Nakajima był w złej sytuacji. Ba! W koszmarnej. Nigdy nie przyszłoby mu do głowy, że aby przeżyć, będzie musiał sprać z siebie wszystkie uczucia i dołączyć do mafii. Ale...był złą osobą. Nie uważał, że zasługuje na coś lepszego, chociaż miał taką nadzieję. Niestety...nie wiedział, czy jego psychika to zniesie. Możliwe, że przy swoim pierwszym zabójstwie poprostu padł by na kolana i zaczął krzyczeć oraz płakać. Ale chciał żyć. To był jego priorytet. Niestety, do celu tylko po trupach.

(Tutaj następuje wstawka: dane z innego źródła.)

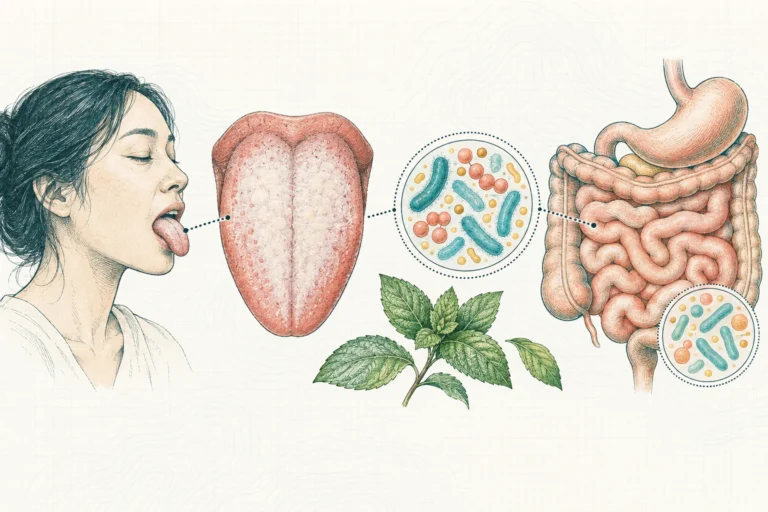 Ilustrasi plat spesimen BloomLab: lidah putih 5 penyebab dari usus yang wajib diketahui dan hubungannya dengan kesehatan usus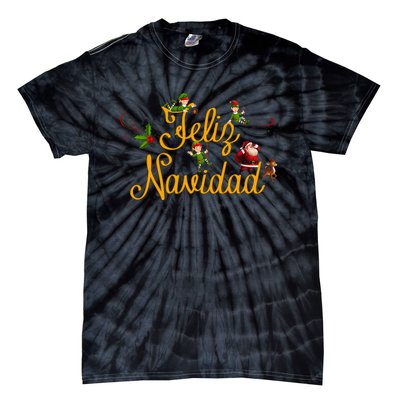 Feliz Navidad Spanish Christmas Elves Santa Tie-Dye T-Shirt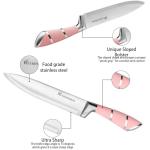 Pink 9-Piece Chef Knife Set with Block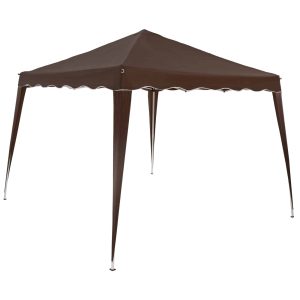 Pavillon pop-up 3x3m UV beskyttelse 50+ vandtæt foldbar inkl. taske folde pavillon telt Capri, farve: mørkebrun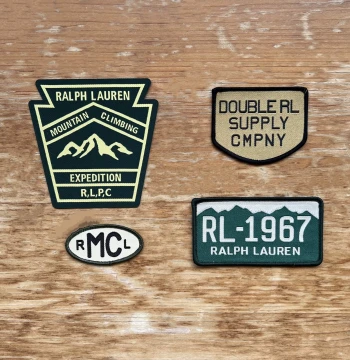 RRL POLO Imported American Vintage Iron-On Patches - Military Green with Adhesive Backing (4 Styles)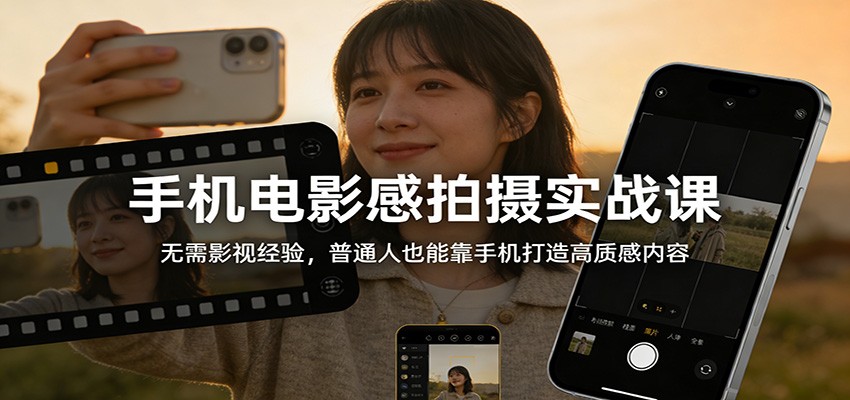 手机电影感拍摄实战课：无需影视经验，普通人也能靠手机打造高质感内容-惠声资源站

— Dobrze — powiedział patrząc na swojego nowego szefa, który gonił małą Elise. Dziewczynka schowała się się za nogami Atsushiego i pokazała mężczyźnie język. Przeszedł go dreszcz jak złapała go za łydkę, ale nie pokazał tego.
— Oczywiście, nie pozwolę ci od tak chodzić po budynku najpotężniejszej mafii w Yokohamie. Nieważne, jak bardzo biednie i niewinnie wyglądasz — na to się Nakajima zarumienił, ale nie zmienił wyrazu twarzy — dlatego będziesz pod okiem osoby, która cię zrekrutowała. Na twoje nieszczęście, jest to Osamu — stwierdził Mori patrząc się w oczy i uśmiechając się specyficznie do Atshushiego.

Osamu podszedł do niego i złapał za głowę, głaszcząc go w dziwny sposób. Nakajimie był pewien, jak na to zareagować, więc miał zdezorientowaną minę.